Title: Shear Strength of Reinforced Concrete Beams Part 1 -Tests of Simple Beams
Author(s): K. G. Moody, I . M . Viest, R. C. Elstner, and E. Hognestad
Publication: Journal Proceedings
Appears on pages(s): 317-332
Keywords: no keywords
Abstract:Data are presented on the shear strength of 42 simple beams, 40 without web reinforcement and two with web reinforcement. Tests were carried out in three series with the following variables: (1) percentage of longitudinal and web reinforcement, .and method of anchorage; (2) size and percentage of longitudinal reinforcement and strength of concrete; and (3) concrete mixture and method of curing. The size of specimen was different for each of the three series. The beams were tested with one or two concentrated loads and all failed in shear after one or more diagonal tension cracks formed in the region of maxi-mum shear. The magnitude of the loading causing the initial diagonal tension cracks depended primarily on the cross section and the concrete strength.
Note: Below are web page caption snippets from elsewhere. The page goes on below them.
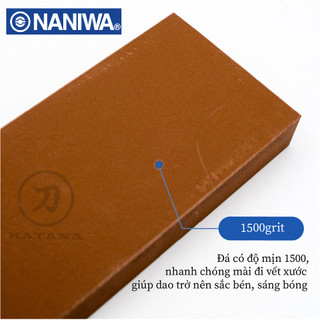 Đá mài trung Naniwa Nhật Bản #1500 DELUX M 215 (210x70x20)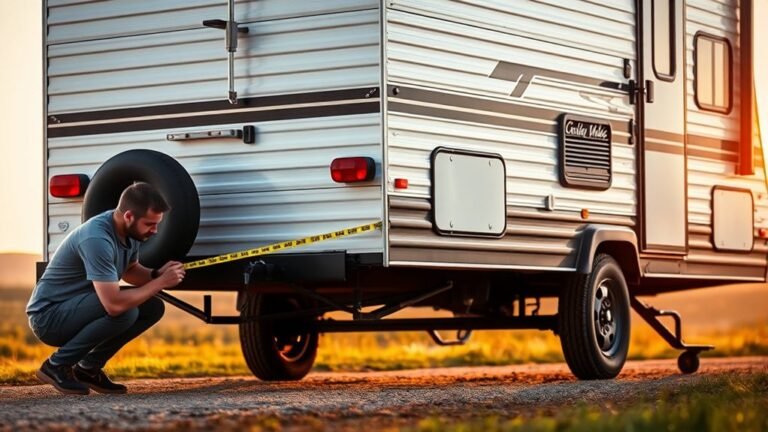 measuring travel trailer length
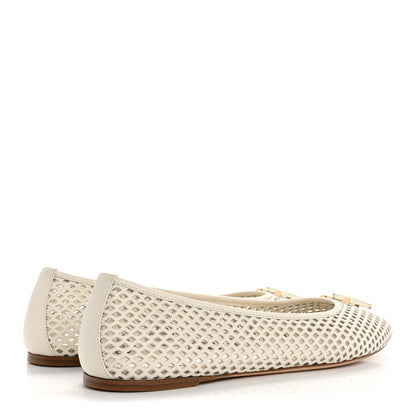 Louis Vuitton Perforated Calfskin Shake Ballerina Flat 41 Cream 5 of 8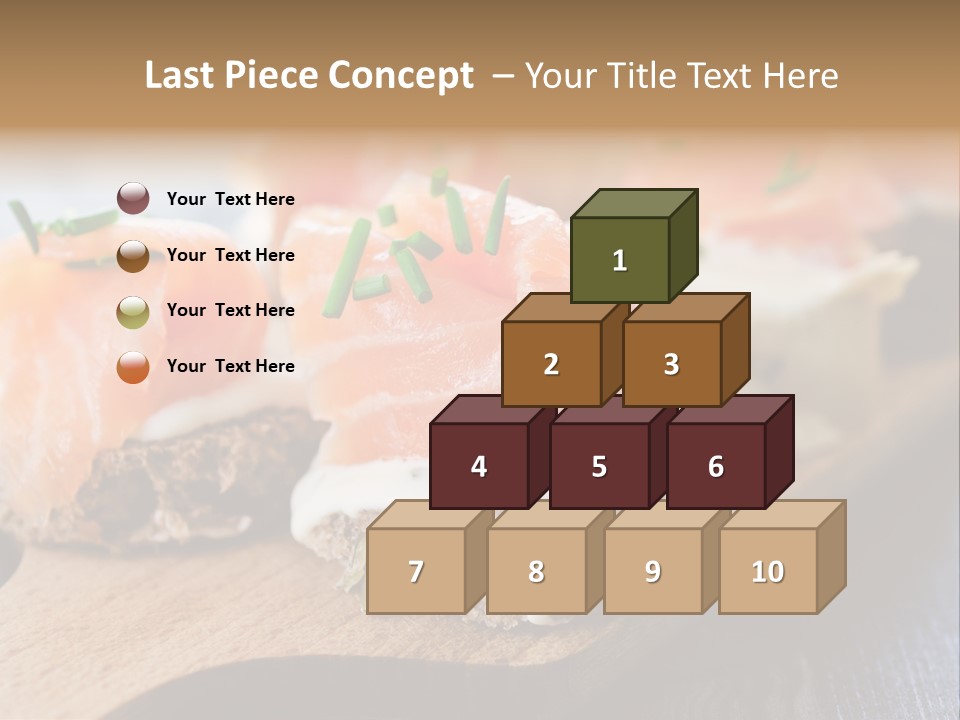 Lunch Onion Meal PowerPoint Template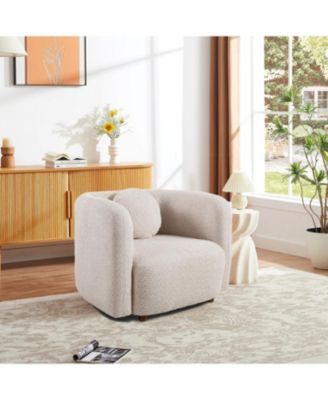 one piece Japandi Style Boucle Sofa Chair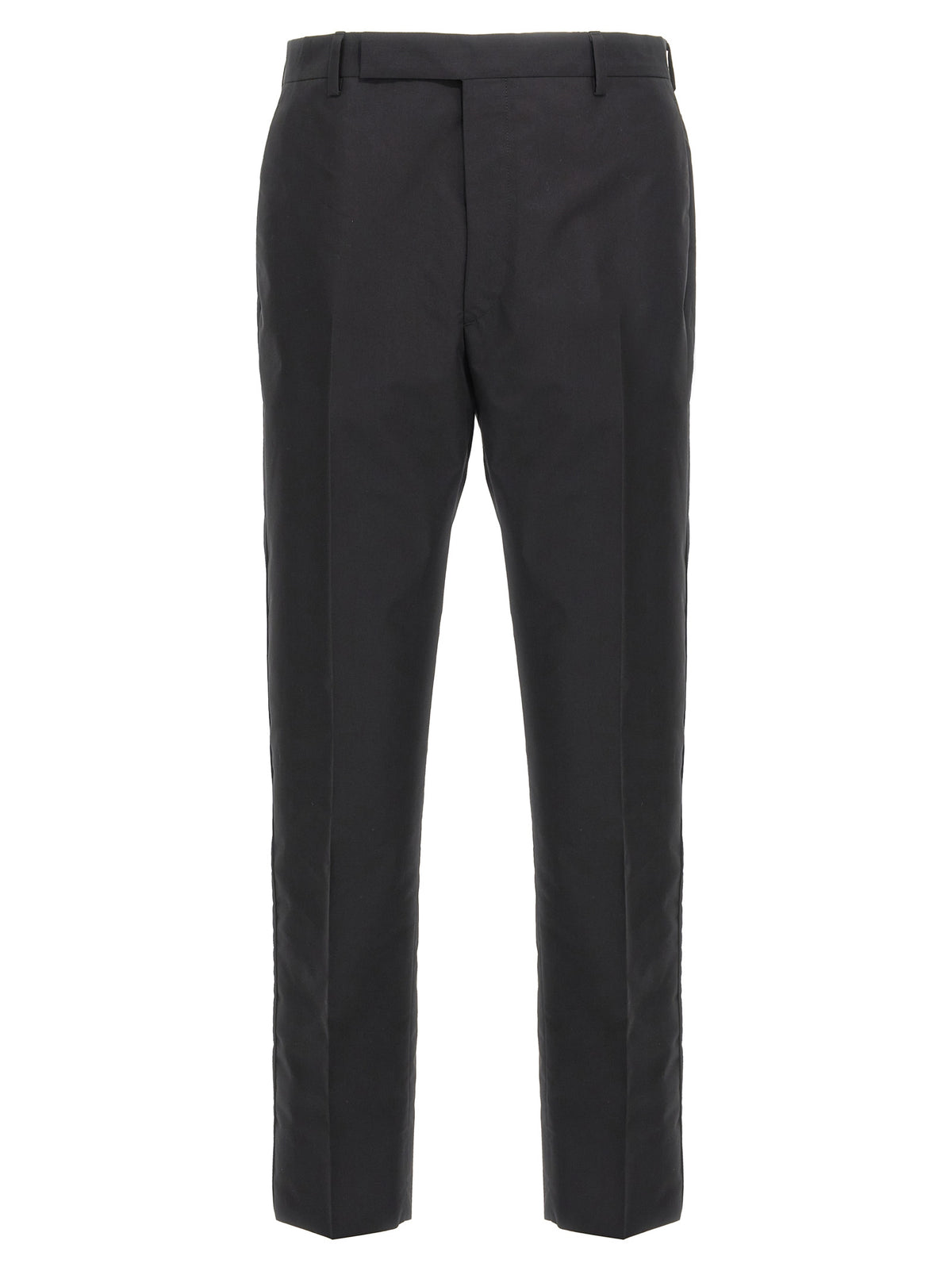 Prada Schwarze Baumwoll-Röhrenhose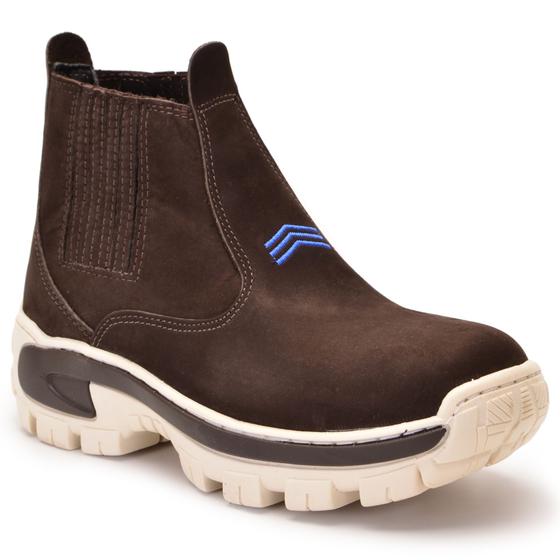 Imagem de Bota Botina Masculina Couro Legítimo Palmilha Gel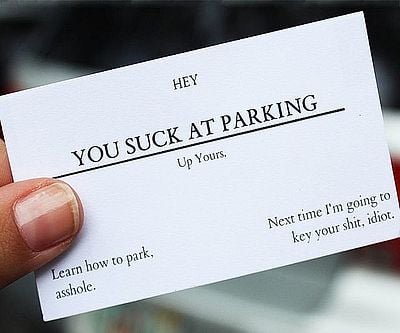 Offensive Business Cards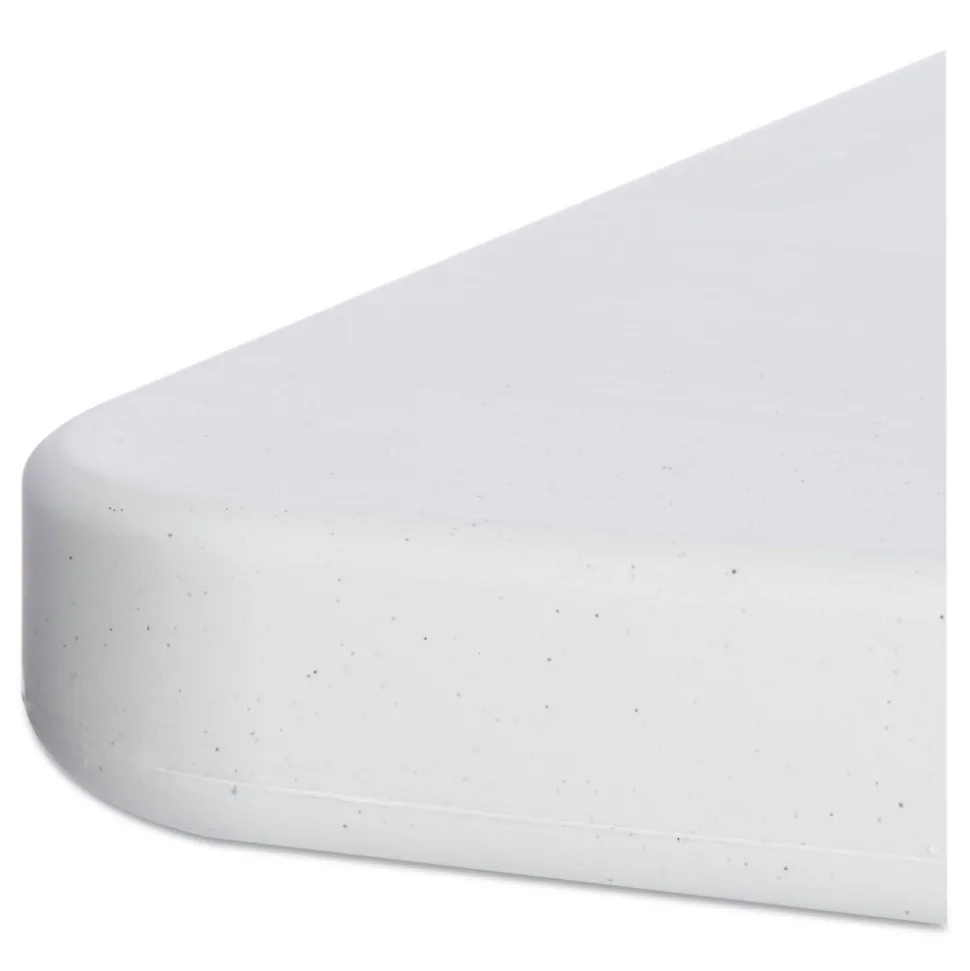 Alera 65601 96 in. x 30 in. x 29 in. Square Edge Resin Rectangular Folding Table - Platinum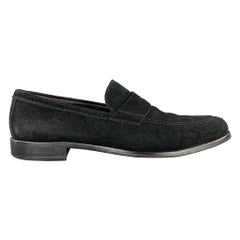 TO BOOT NY Size 11 Black Slip On Penny Loafers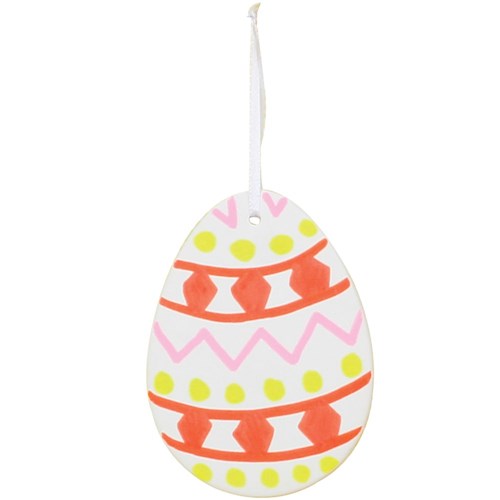 Ceramic Hanging Eggs - Pack of 5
Most beams were able to sustain greater loads than the cracking loads. Magnitude of failure loads depended on cross section dimensions, amount of longitudinal reinforcement, amount of web reinforcement, strength of concrete, and length of shear span. Failure was by destruction of the compression zone of concrete above the diagonal tension crack and adjacent to a loading block. Test results indicated that strength of beams with large u-d ratios may be governed by the load causing first cracking whereas the strength of shorter beams is governed by the load causing the destruction of the compression zone or concrete. Results also indicate that the load at first cracking may be predicted on the basis of nominal shearing stress and the ultimate load may be predicted on the basis of ultimate moment.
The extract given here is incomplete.